Control of the Tetragonal to Monoclinic Phase Transformation of Yttria-doped Tetragonal ZrO2 Polycrystals by Annealing in Water

Abstract

The tetragonal-to-monoclinic phase transformation of yttria-doped tetragonal zirconia polycrystals by annealing in water was investigated at 80–200°C using the sintered bodies of zirconia containing 2, 3 and 4 mol% Y2O3. The tetragonal-to-monoclinic phase transformation accompanied with microcracks and greatly degraded the fracture strength. The fracture strength of the annealed zirconia ceramics depended on the transformation layer thickness.

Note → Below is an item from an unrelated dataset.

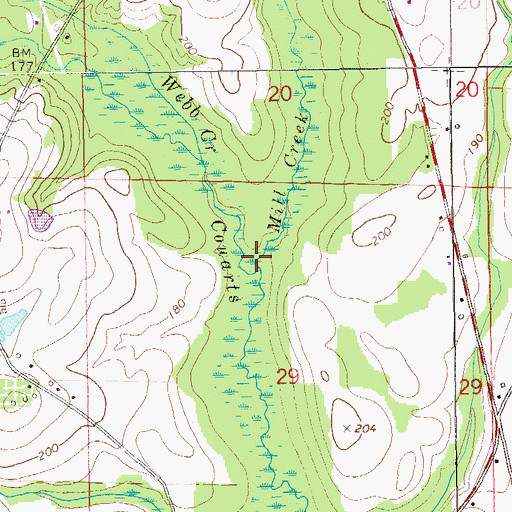 Topographic Map of Mill Creek, AL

Three approaches, alloying ZrO2(Y2O3) with 0–20 wt% CeO2, dispersing 0–40 wt% Al2O3 into ZrO2(Y2O3) and decreasing the grain size of zirconia were examined to control the tetragonal-to-monoclinic phase transformation. The amount of the monoclinc phase formed decreased with increasing the concentrations of CeO2 alloyed and Al2O3 dispersed, and with decreasing the grain size of zirconia. From the present experimental results, it is expected that the tetragonal-to-monoclinic phase transformation of yttria-doped tetragonal zirconia polycrystals is controlled by the addition of CeO2 and dispersion of Al2O3, and the degradation of the fracture strength by low temperature annealing is completely inhibited.